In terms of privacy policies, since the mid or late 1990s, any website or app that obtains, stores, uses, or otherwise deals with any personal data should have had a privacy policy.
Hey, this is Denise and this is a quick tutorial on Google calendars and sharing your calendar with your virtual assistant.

--

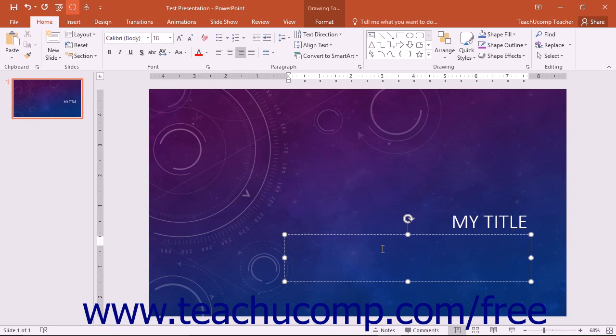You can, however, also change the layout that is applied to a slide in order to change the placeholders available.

==

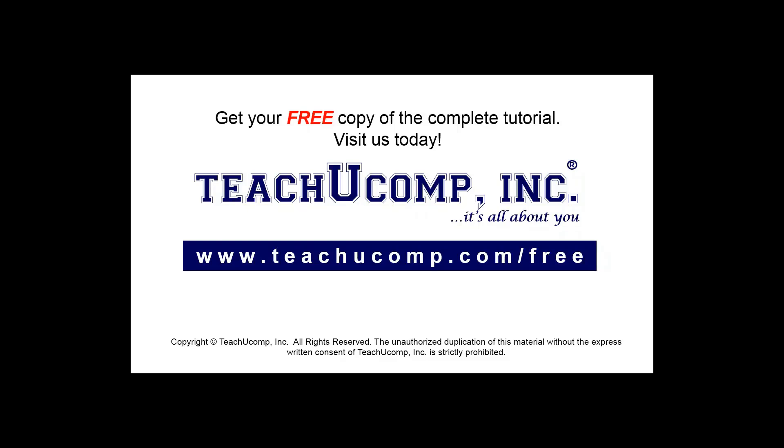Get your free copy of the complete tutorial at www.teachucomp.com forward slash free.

• WHAT IS REQUIRED: Reproduce only the lines above spanning from the line containing "In terms of" through the line containing "Hey, this is", word for word.

• ANSWER:
In terms of privacy policies, since the mid or late 1990s, any website or app that obtains, stores, uses, or otherwise deals with any personal data should have had a privacy policy.
Hey, this is Denise and this is a quick tutorial on Google calendars and sharing your calendar with your virtual assistant.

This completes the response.